A realidade de qualquer reforma da fiança que amplie excessivamente a rede de “detenção” ou elimine a possibilidade de prisão domiciliária para determinados crimes é que cria uma pressão acrescida sobre os tribunais, o sistema de fianças e as infraestruturas de detenção. Isso conduzirá a um aumento da sobrelotação com pessoas que ainda são presumidas inocentes e aguardam audiências de fiança ou julgamento, além daqueles que poderiam cumprir com sucesso uma pena condicional (prisão domiciliária) na comunidade. Estas pressões implicarão inevitavelmente a necessidade de construir mais instituições e contratar mais pessoal, o que terá custos adicionais para o público.

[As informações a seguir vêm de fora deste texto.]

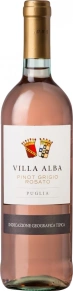 Вино Pinot Grigio Rosato, Villa Alba, IGT, 2015, 0.75 л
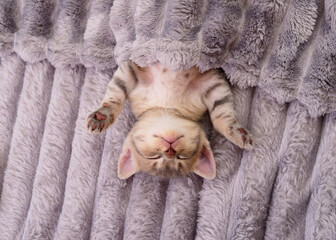 Obraz premium Cute tabby kitten sleeping on back under grey blanket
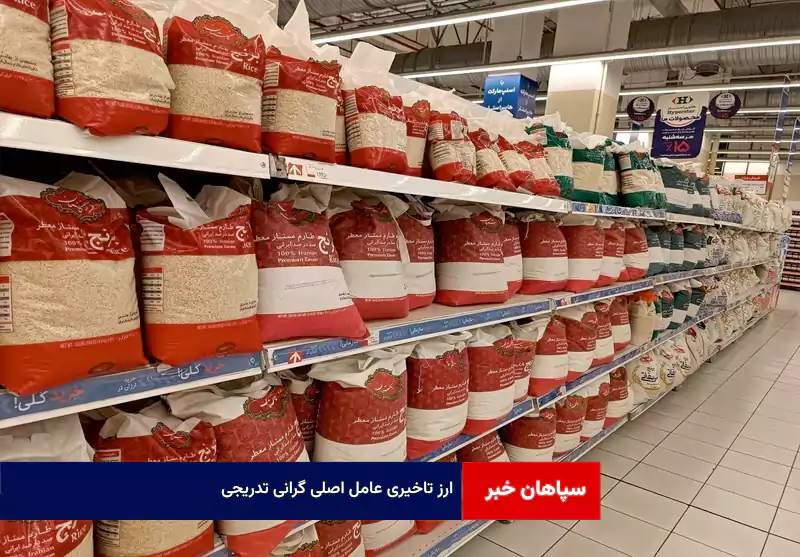 ارز تاخیری عامل اصلی گرانی تدریجی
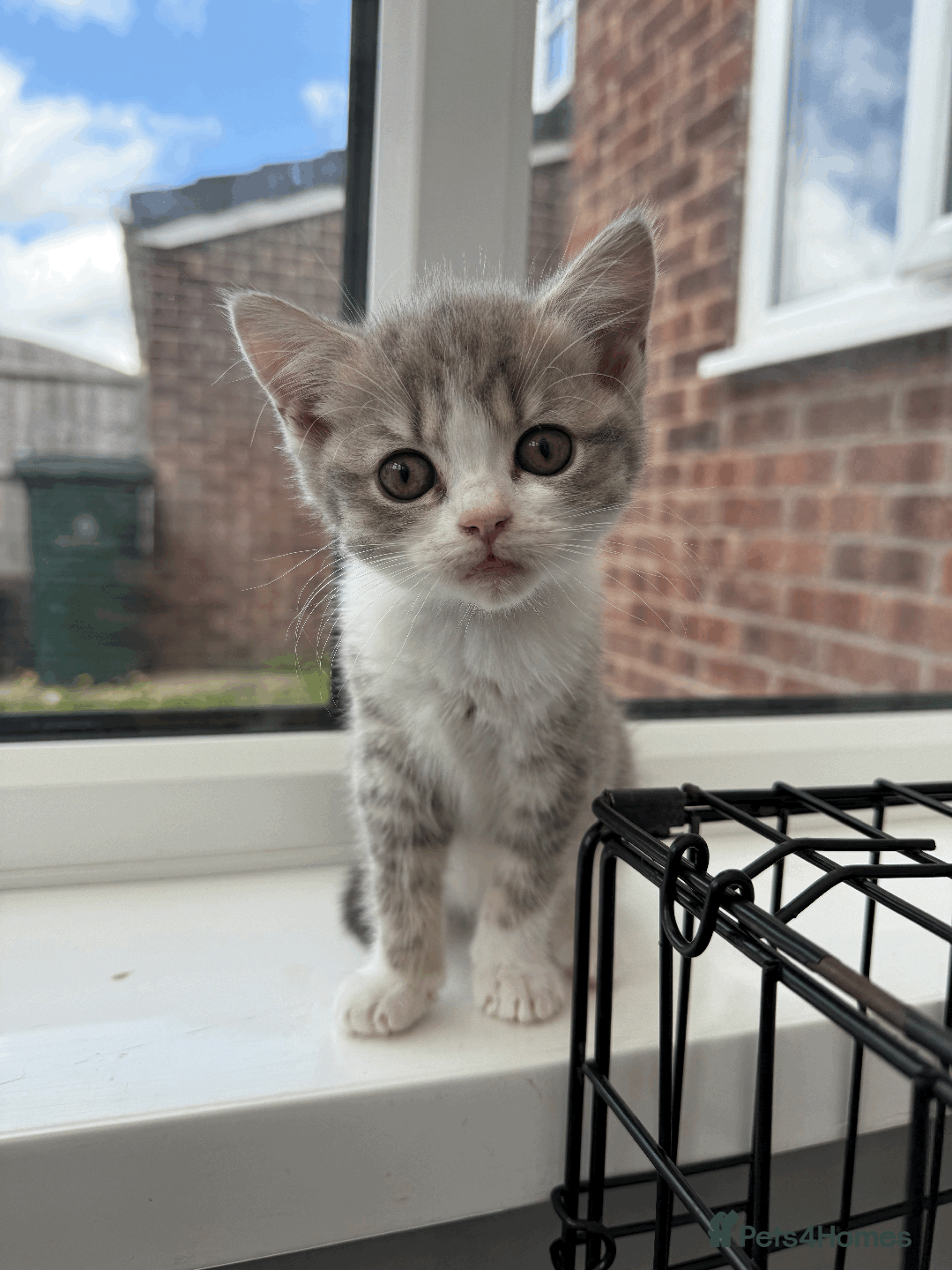 British Shorthair cats for sale: 4 british short Haired kittens for sale  - Image 15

Recursos escassos deveriam ser prioritariamente direcionados para lidar com o menor número de reincidentes violentos graves, em vez de serem usados para acomodar a maioria dos infratores não violentos e de menor gravidade.

MS: O governo argumenta que estas medidas são necessárias para proteger o público. Há evidência jurídica ou empírica de que penas mais severas dissuadem o crime de forma mais eficaz do que a prevenção e a reabilitação?

MA: • É necessário equilíbrio entre proteger a segurança pública e abordar as causas subjacentes do crime. A detenção não resolve problemas de saúde mental, dependência, sem-abrigo ou pobreza, que permanecem quando os indivíduos regressam à comunidade.

Ignorar estas causas e confiar apenas na prisão como solução cria um círculo vicioso dentro do sistema de justiça, uma “porta giratória” para os mesmos indivíduos. Estas situações sobrecarregam ainda mais os já escassos recursos do sistema.

Quanto à questão de saber se penas mais severas dissuadem o crime de forma mais eficaz do que a prevenção e a reabilitação… se há alguma evidência, ela é contrária a isso.

MS: Como é que estas reformas poderão afetar os processos judiciais em termos de duração, custos e volume de casos?

MA: • As alterações propostas abordam áreas que já são rotineiramente consideradas durante audiências de fiança e de sentença.

As reformas correm o risco de desviar os já escassos recursos do sistema de justiça criminal dos casos mais graves.

As novas disposições sobre fiança levarão a um aumento de audiências contestadas.

Isto criará inevitavelmente um problema circular – mais audiências contestadas e poucos recursos resultarão em mais pessoas detidas a aguardar audiências, gerando atrasos e maiores tempos de espera para marcar julgamentos. Se a “detenção” se tornar o ponto de partida, indivíduos presumidos inocentes permanecerão presos durante períodos mais longos enquanto aguardam julgamento.

A falta de recursos para lidar com esta situação fará com que casos mais graves e violentos compitam com casos menos sérios pelo tempo e atenção dos tribunais.

Tudo isto agravará a sobrelotação das prisões e poderá levar à necessidade de construir mais instituições, sem resolver as causas profundas da criminalidade.